EXTRACTED MATERIAL:

═══

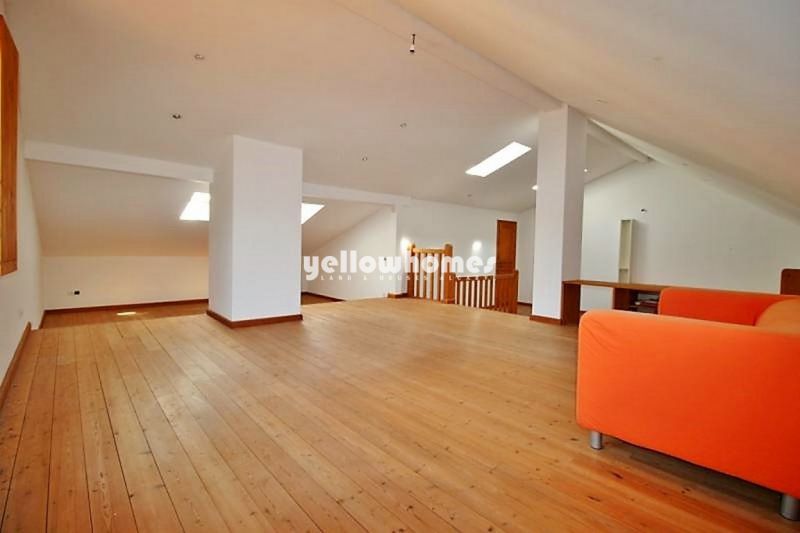 Moradia V4 inserida num espaçoso lote de terreno numa zona rural perto de Lagos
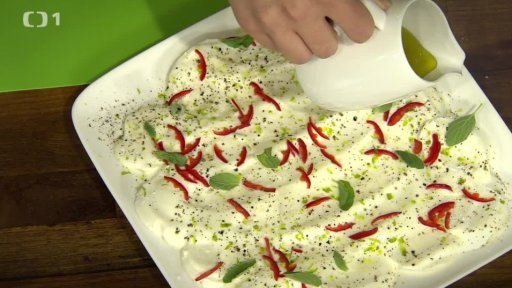 Marinovaná mozzarella v kysané smetaně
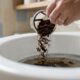 Jogar borra de café usada no vaso sanitário: para que serve esse truque e por que recomendam deixar agir por algumas horas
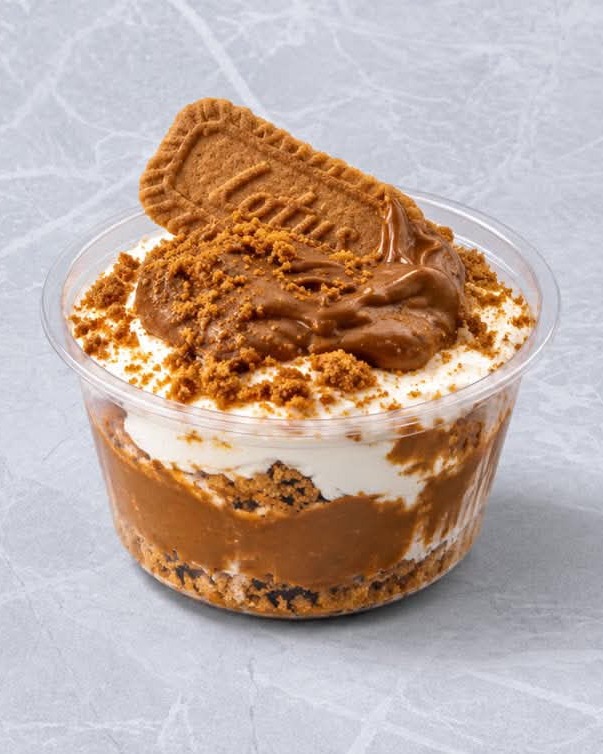 Γλυκό cup με κρέμα, τριμμένο μπισκότο και Lotus Biscoff από πάνω
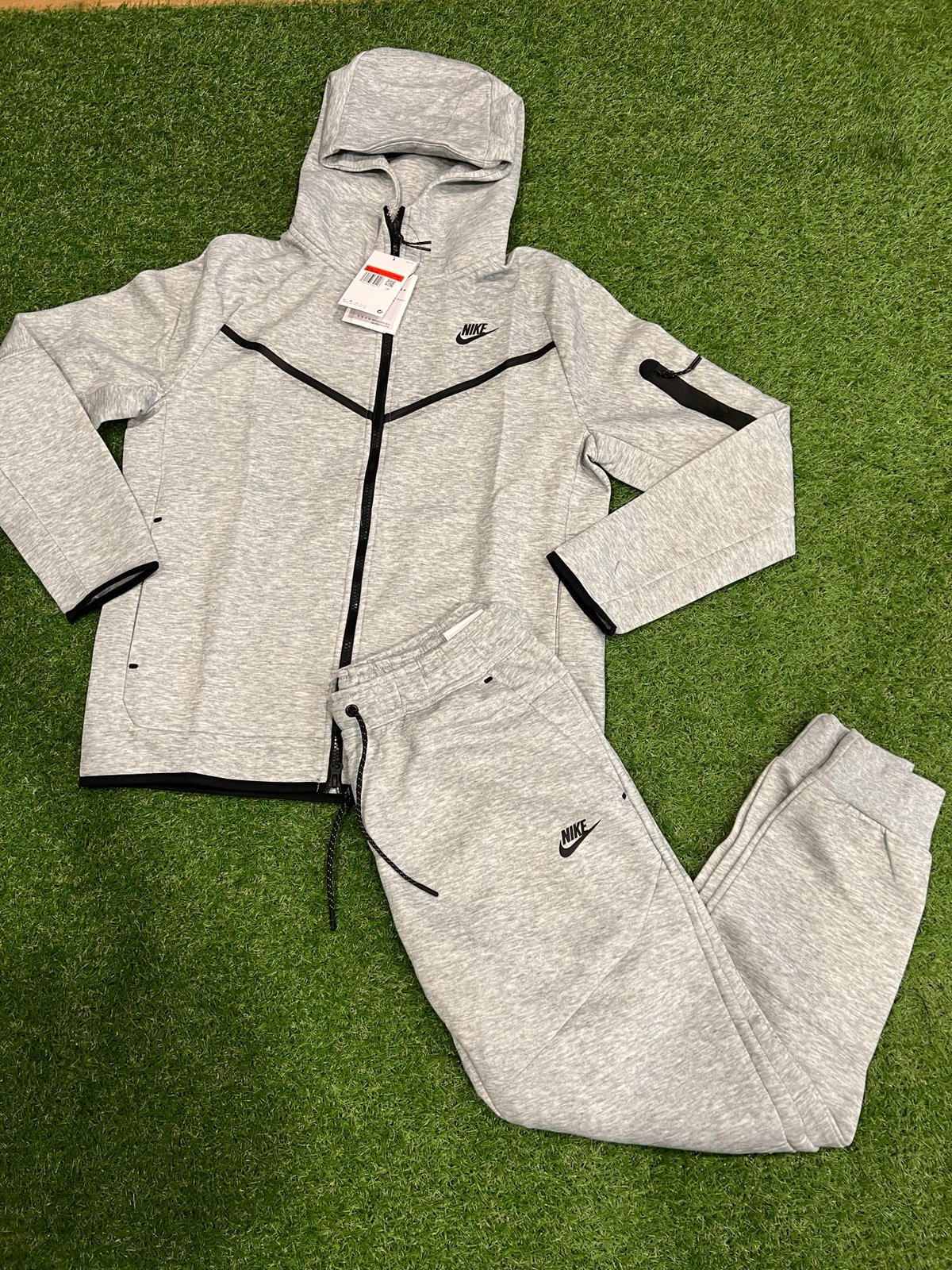 Nike tech full set grey size medium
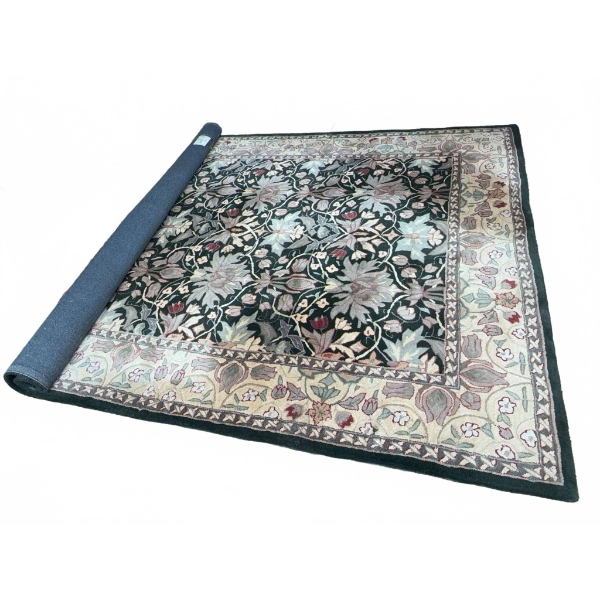 KAS Handtufted Wool Rug 8x10 ft Floral Pattern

═══

TASK TO CARRY OUT:
Output the line that contains "Nike tech full set grey size medium" and every line after it to the end of the records, word for word, leaving out the pictures.

RESULT OF THE EXERCISE:
 Nike tech full set grey size medium
 KAS Handtufted Wool Rug 8x10 ft Floral Pattern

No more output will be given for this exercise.